Most clubs will have riders of varying ability, my club runs have different levels so that the fast folk go with the fast folk and it trickles down to slower groups.
Clubs will have rules that no-one gets dropped, look for one that does this if possible, I live at the other end of the country from you so I have no idea about clubs in your area, but google is your friend here.
see whats around, if there is more than 1 club available, take a spin with each club, see who you get on with best and what suits your own personal goals the best.
A club will bring you on leaps and bounds, speak up as well when you first go out with them, letting them know its your first time in a group riding, you'll soon pick up the lingo and whats getting pointed out, also don't be afraid to shout 'pace' or whatever term they use to slow the group down.
your pace will go up just by riding in a group.
good luck


----------



## HLaB (2 Jul 2013)

If you can do 100miles with the motivation of a group/ drafting etc. you'll easilly get your average up go along and give it a go. My current club runs at least two rides and you'd be the pace on the social ride no problem.

Edit: I went out with the social run on the Bank Holiday and they averaged 13.6mph for 80miles you are far superior to that @Bill-H


----------



## Pikey (13 Jul 2013)

I joined a club recently, never done a century.

Loved it.

Worry not, all will be fine.


----------



## screenman (16 Jul 2013)

I would say 20% of our club members do not even ride a bike, so do not think every member is a flat out racer.
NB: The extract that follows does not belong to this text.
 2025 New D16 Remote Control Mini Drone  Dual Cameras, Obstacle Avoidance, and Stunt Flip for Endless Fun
Also if you join a club then offer to organise a ride others will certainly turn up for it.


----------



## Rob3rt (16 Jul 2013)

screenman said:


> *I would say 20% of our club members do not even ride a bike*, so do not think every member is a flat out racer. Also if you join a club then offer to organise a ride others will certainly turn up for it.


 

I would guess our club is similar, we have >200 members, 150+ of which I have probably never seen, those I see regularly are fewer than 50. There are a huge number of inactive members, whether they ride alone or not, who knows, but they certainly don't actively engage with the club.


----------



## AndymcDevon (14 Aug 2013)

bill H I'm new to the area and new to cycling, doing about 60 miles a week, training for me first 100. getting used to then East Devon hills... Very different from the rolling/ flat Cheshire roads I'm used to.
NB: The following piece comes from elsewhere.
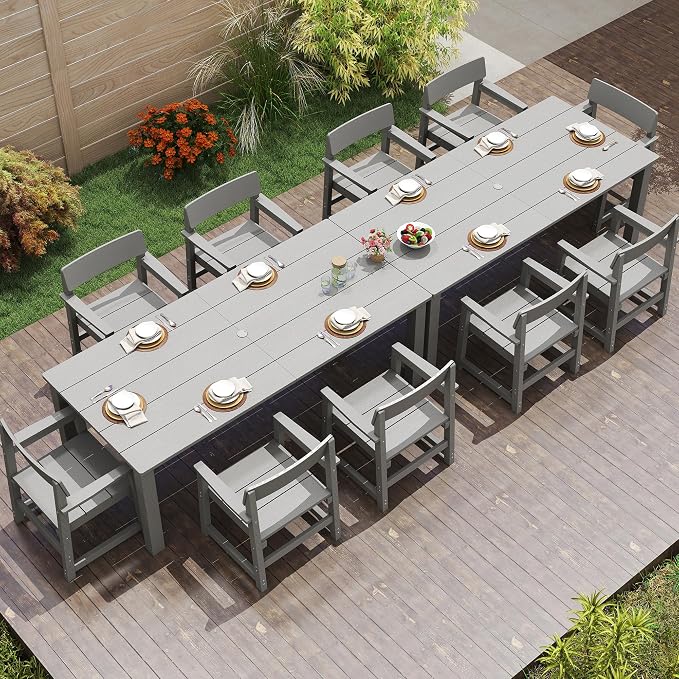 12-Piece HIPS Patio Dining Set for 10 Person Outdoor Dining Sets by JOCOEVOL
If you would like to have a chat and perhaps have a ride out one Sunday let me know, I have a gentle recovery ride planned for Sunday and would welcome some company.
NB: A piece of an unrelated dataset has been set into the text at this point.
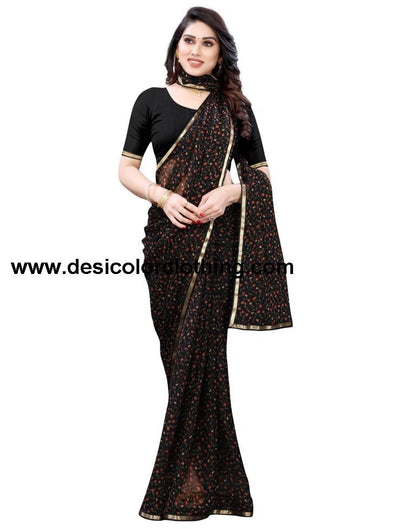Black Coloured Chiffon Printed Casual saree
I'm sure you can send direct messages 
Regards

Andy


----------



## Fubar (14 Aug 2013)

Bill-H said:


> I am just worried about my fitness standard I am only able to do most rides of undulating roads at about 14 mph average.
> Yesterday I completed my first 100 in moving time of 6h 30. Would I be to slow.
> I live equal distance from sidmouth exeter and exmouth.
> I really am after some company to push me harder on rides I have never ridden in organized group.


 
I was the same and with a bit of encouragement from @HLaB I joined my local club on their Saturday bun run (after almost going home before they set off!) and it has been a total revelation for me, group riding is both terrifying/exhilirating in equal measure at the start though you will soon get used to it, it's really helping me push up my average speed and mileage. One thing I do is leave the cafe stop 5 minutes early to get a jump on the fast boys, though I think they just use me as a hare to hunt! Try it once, if it's not for you no harm done.


----------



## Ben M (18 Aug 2013)

Have you considered trying a CTC ride?

They tend to go at a fairly "touring" pace from cafe to cafe.


----------



## Elliott W (3 Sep 2013)

make sure you know the route as well. I got dropped within the first 40 miles of my first group ride and had to find my way back to croydon from the other side of the M25.


----------



## endoman (3 Sep 2013)

We have 3, sometime 4 Sunday rides at a huge variety of paces. A newbie would never be dropped or left behind, always made to feel welcome. We probably wouldn't suggest they went out with the A ride unless they had a decent pedigree as that can be quite pacey, but there is almost certain to be a suitable ride for you within a local club. It's totally worth it.


----------



## Leodis (19 Sep 2013)

Just joined my first club, going to build up a pace and distance this winter and start with group runs (with the exception of Sunday social C ride) in the Spring. Alba Rosa all the way


----------